Backend Development 15 min read

How to Assemble a Production‑Ready Service Registry from Scratch

This article walks through the complete design of a service registry—from requirement analysis and interface definition to push mechanisms, health‑check strategies, long‑connection technology choices, data storage options, and high‑availability considerations—providing a practical blueprint for building a production‑grade registry.

Xiao Lou's Tech Notes

Jul 26, 2022

How to Assemble a Production‑Ready Service Registry from Scratch

Requirement Analysis

The registry must satisfy three core requirements: it must be registerable , discoverable , and highly available . High availability is a production‑level prerequisite, not an optional feature.

Three roles are defined:

Provider: the service that offers functionality.

Consumer: the service that calls the provider.

Registry: the central component that stores provider lists and consumer relationships.

Interface Definition

The registry exposes three client (SDK) interfaces:

unregister : remove a provider from the registry.

subscribe : let a consumer subscribe to a service; changes are pushed to the consumer.

Before choosing concrete fields, protocols, or serialization formats, the author checks for existing standards.

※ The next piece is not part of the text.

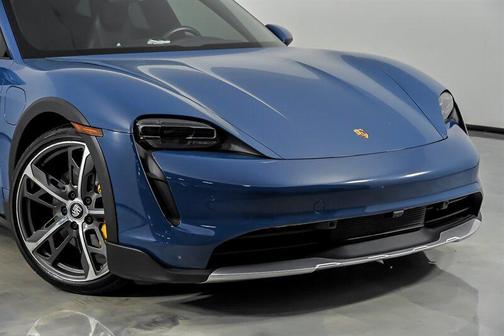 Neptune Blue 2021 Porsche Taycan 4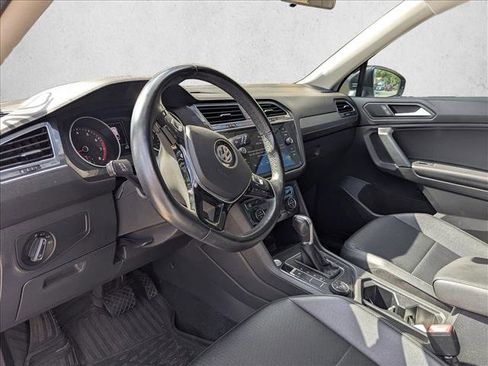 Used 2019 Volkswagen Tiguan SE w/ Panoramic Sunroof Package AWD/4WD image 10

The OpenSergo standard covers service governance and discovery, but its discovery part is still under development, so a pragmatic JSON‑based definition is used.

{
  "application":"provider_test", // application name
  "protocol":"http",               // protocol
  "addr":"127.0.0.1:8080",        // provider address
  "meta":{
    "cluster":"small",
    "idc":"shanghai",
    "tag":"read"
  }
}

{
    "subscribes":[
        {
            "provider":"test_provider1", // subscribed application
            "protocol":"http",
            "meta":{
                "cluster":"small",
                "idc":"shanghai",
                "tag":"read"
            }
        },
        {
            "provider":"test_provider2",
            "protocol":"http",
            "meta":{
                "cluster":"small",
                "tag":"read"
            }
        }
    ]
}

{
    "version":"23des4f",
    "endpoints":[
        {
            "application":"provider_test",
            "protocol":"http",
            "addr":"127.0.0.1:8080",
            "meta":{
                "cluster":"small",
                "idc":"shanghai",
                "tag":"read"
            }
        },
        {
            "application":"provider_test",
            "protocol":"http",
            "addr":"127.0.0.2:8080",
            "meta":{
                "cluster":"small",
                "idc":"shanghai",
                "tag":"read"
            }
        }
    ]
}

Change Push & Service Health Check

Two key factors guide serialization choice: language compatibility (JSON works everywhere) and performance (CPU cost and payload size). Push mechanisms considered:

Periodic polling – simple but high resource consumption.

Long polling – moderate difficulty, high real‑time performance, medium resource use.

UDP push – high real‑time, low resources, but unreliable; needs fallback polling.

TCP long‑connection push – moderate difficulty, high real‑time, medium resources.

Health‑check approaches compared:

Consumer passive probing – no registry dependency, but adds latency.

Consumer active probing – same drawbacks.

Provider heartbeat – non‑intrusive to callers, but consumes server resources.

Registry proactive probing – no client requirements, but heavy on resources and less real‑time.

Provider‑registry session keep‑alive – good real‑time, low resources, requires a persistent TCP connection.

The author prefers the last two: registry‑initiated probing and provider‑registry session keep‑alive, especially when a long‑connection is already in place.

Long‑Connection Technology Selection

Options evaluated include gRPC, Rsocket, Netty, and Mina. gRPC scores highest on multi‑language support and community activity, so it is the recommended choice.

Data Storage

Two categories of storage:

External components (MySQL, Redis, etc.) – mature scaling, but adds architectural complexity.

Internal registry storage – avoids extra components but requires robust replication. Consistency algorithms like Raft guarantee strong consistency at the cost of performance, while AP models (e.g., Nacos, Eureka) favor availability and eventual consistency, allowing providers to re‑register after failures.

High Availability

HA design is distributed across many details: replicated storage, failure‑oriented architecture, and caching of service lists in memory so that existing calls survive a full registry outage, though new services would need the registry to be up.

Summary

Starting from requirement analysis, the article decomposes a registry into modular pieces, evaluates interface design, push and health‑check strategies, long‑connection technology, storage options, and HA techniques, and finally sketches a minimal, production‑ready registry that can be assembled with code.